Although shown as a centralized unit, in a preferred embodiment,
the Network-on-chip 4410 is implemented as a fat-tree network
architecture including many individual network switches, each
connecting together some combination of cores and switches (or just
cores, or just switches), with the switches distributed amongst the
processor cores, where only the higher tier switches that connect
together other switches are centralized into a single unit. The
network-on-chip 4410 connects to the Core-chip mapper 4420, which
connects to off-chip network components via, in this example, PCI
Express Link 4430. The chip-to-chip network, which may be
implemented using PCI Express chips, connects together multiple
processors and other components.
[0295] FIG. 45 depicts a printed circuit board (PCB) with multiple
processor chips 4500 connected to a PCI Express switch chip 4510
which itself uplinks to a network 4520 connecting together multiple
PCI Express Switches. The shaded boxes represent failed processor
cores 4530 that do not work and whose memory is inaccessible to the
system. Using the memory striping methods of the system to create
virtual contiguous memory regions from discontiguous memory units
requires a regular layout of the memory banks, which is not
available in the system of FIG. 45. The system employs a technique
whereby core-chip mappings are remapped in order to provide
virtually contiguous address regions using the virtual-to-physical
address mapping without suffering from memory holes which the
failed cores and their failed memory banks 4530 would otherwise
cause.
[0296] FIG. 46 is an illustration of an exemplary Core-chip mapper
4600, which allows processor cores connected to the Network-on-chip
4610 to send messages to the PCI Express link 4650. The processor
cores expect a regular physical memory layout without holes, but
the processor chips connected via PCI Express link 4650 may have
failed cores that, without the core-chip mapper, would disrupt the
virtual-to-physical mapping of the system that implements virtual
contiguous memory regions.
[0297] The Network-on-chip 4610 sends the address 4612 to the
Address-in-parts 4615 unit (broken out for explanatory purposes) as
input 4613 and as input 4614 to the Chip-mapped packet 4644. The
Address-in-parts breakout 4615 comprises Higher bits 4616,
Chip-select bits 4617, the highest Core-select bit 4618, Low
Core-select bits 4619, and the Lower bits 4620. The Chip-select
bits 4617 and highest Core-select bit 4618 together comprise
portion 4622 of the Address in parts 4615, which is the Chip table
lookup index 4623. The Chip-table lookup index 4623 is received as
input 4624 by table 4625, which maintains the Next-chip threshold
values 4626 and Current chip values 4627 for each entry (4630,
4631) in the table 4625. An entry is read from the table 4625 at
index 4623 and the corresponding Next-chip threshold value 4630 and
Current chip value 4631 for the entry are sent via output lines
4651 and 4635. The Comparator unit receives the Next-chip threshold
4630 via input 4651 and the Low-Core-select bits 4619 via input
4621. If the Low Core-select bits 4619 are less than the Next-chip
threshold 4630 then the resulting output of the Comparator 4642,
which is Comparison Result 4643, is equal to "Less than" (e.g., a
bit flag set to 0). Otherwise the comparison result 4643 is equal
to "Greater than or equal" (e.g., a bit flag set to 1). The
Comparison Result 4643 is received by the Mux unit 4640 and acts as
the mux unit's Select input (one of the standard inputs that a Mux
unit receives, which selects which of the other inputs to forward
onto the mux unit's output). The Incrementer unit 4638 receives the
Current chip value 4631 of the selected entry 4635 via input 4636.

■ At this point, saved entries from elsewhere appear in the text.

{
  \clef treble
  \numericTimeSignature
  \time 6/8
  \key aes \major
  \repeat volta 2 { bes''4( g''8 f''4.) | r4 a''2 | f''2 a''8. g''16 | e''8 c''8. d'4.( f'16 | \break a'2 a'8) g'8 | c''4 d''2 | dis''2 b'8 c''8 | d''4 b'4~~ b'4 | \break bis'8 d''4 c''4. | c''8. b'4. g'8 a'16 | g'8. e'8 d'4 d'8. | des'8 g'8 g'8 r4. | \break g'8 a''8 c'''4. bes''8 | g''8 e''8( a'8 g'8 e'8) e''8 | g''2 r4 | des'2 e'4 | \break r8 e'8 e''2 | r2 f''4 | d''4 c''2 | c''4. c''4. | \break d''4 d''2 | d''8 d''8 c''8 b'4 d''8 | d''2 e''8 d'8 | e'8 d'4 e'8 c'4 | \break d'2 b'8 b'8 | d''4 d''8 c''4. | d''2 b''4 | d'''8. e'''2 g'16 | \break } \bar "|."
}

The Incrementer creates output 4639 by adding 1 to its input 4636.
In this way the output 4639 represents the "Next chip" whereas 4637
represents the "Current chip," since it is the same as value 4635
taken from the Current chip column 4627 of the table 4625.

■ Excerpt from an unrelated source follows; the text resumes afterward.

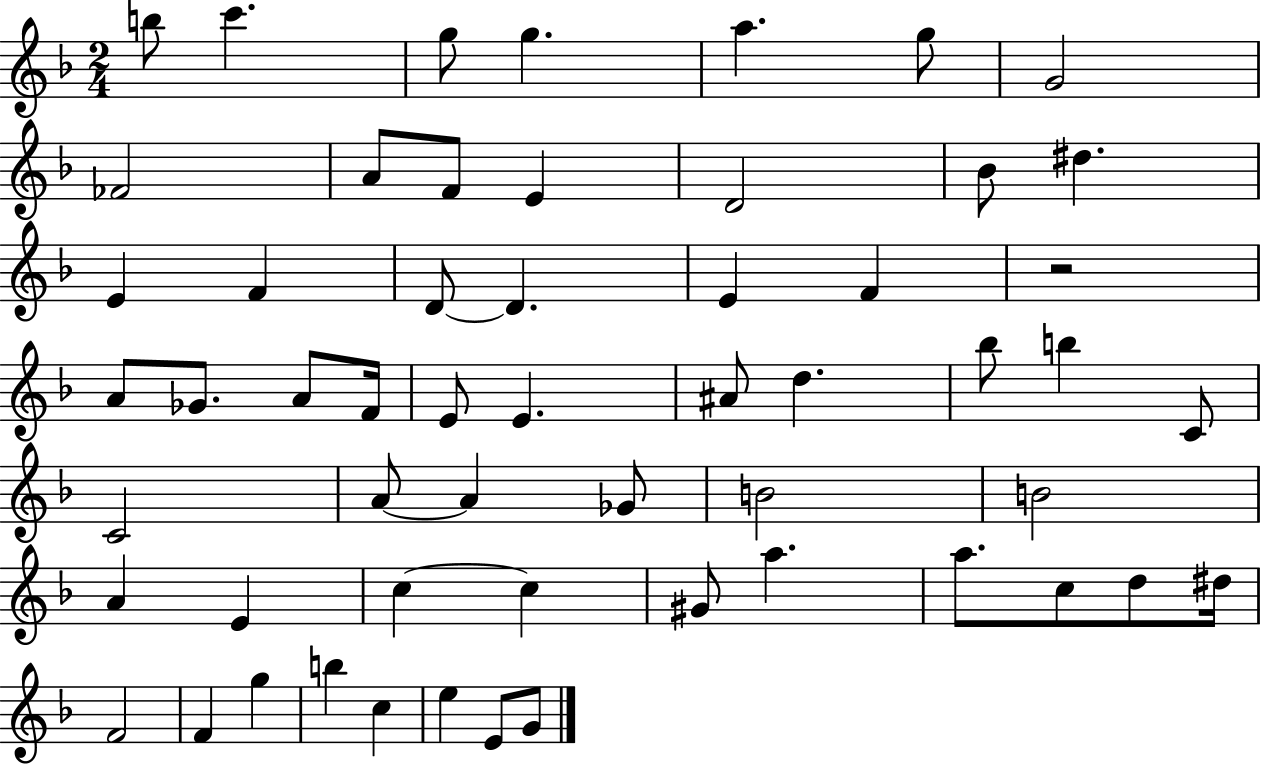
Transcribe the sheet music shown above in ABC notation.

[0298] The Mux unit 4640 determines whether to output the current
chip 4637 as the Chip-mapped physical chip address output 4641 or
the "Next chip" 4639 based on whether the Comparison Result input
4643 is "Greater than or equal", or "Less Than" respectively. This
means that if input 4643 is "Less than," then the current chip is
forward onto output 4641. Otherwise, the "Next chip" 4639 is
output. The Chip-mapped packet 4644 receives the Chip-mapped
physical chip address 4641 as well as the address 4614 and data
4611 as input and creates output 4645 which is sent to the PCI
Express link.
[0299] The Core-chip mapper (upward path) 4600 and its internal
table 4625 allow chips that contain a number of functional cores
between two adjacent powers of two, such as between 16 and 32
functional cores (inclusive), to continue to be able to contribute
their memory to a Shared memory system supporting the system's
striping address scheme and its ability to create virtual
contiguous memory regions from physically discontiguous units of
memory. FIGS. 46-48, and the associated descriptions, describe how
the mapping system could compensate for chips with a variable
number of functional cores and memory banks In essence, the input
Chip-select bits 4617 are remapped in the Chip-mapped packet 4644
so that non-functional cores and memory banks are not associated
with virtual address space.
[0300] As an example, suppose we have a system with four chips,
each supporting 32 cores, except for the second, which supports
only 20 cores. In this case the first entry of table 4625 would
have a Next-chip threshold of 32 and a Current chip value of 0. (In
an alternative implementation that saves implementation space by
not requiring support for Next-chip-thresholds larger than 31, the
same the next-chip threshold is set to 0 and the current-chip is
set to -1 so that the Incrementer value 4638 will always be taken
and will be equal to 0.) The second entry would have a Next-chip
threshold value of 20 and a current chip value of 1. The third
entry would have a next-chip threshold value of 20 and a current
chip value of 2. The fourth entry would have a next-chip threshold
value of 20 and a current chip value of 3. In this way, four
processors create a logically contiguous set of cores even though
each processor supports an arbitrary number of cores between two
adjacent powers of two.
[0301] FIG. 47 depicts the Core-chip mapper (downward path) 4700,
whereby packets arriving from the PCI Express link 4760 are
conveyed to the Network-on-chip 4710 after remapping performed
internal to the Core-chip mapper downward path 4700. The
Chip-mapped packet 4720 is received from the PCI Express link 4760
via link 4765. The packet 4720 comprises five sections, including:
a Chip-mapped-physical chip address 4721, High physical address
bits 4722, Core-select bits 4723, Low physical address bits 4724,
and Data 4725. The High physical address bits 4722, Low physical
address bits 4724, and Data 4725 are all forwarded to the
Core-mapped packet via links 4726, 4728, and 4729. The core-mapped
physical core address 4770 portion of the Core-mapped packet 4730
is derived directly from the Core table map 4735. This remapping
enables the packet go to the correct on-chip core even though the
chip may have an irregular number of cores functioning, such as 27
out of 32 cores working. The Core-select bits 4723 from the
original physical address are sent via 4727 as the Core table
lookup index 4731 which are input 4732 to the Core table 4735.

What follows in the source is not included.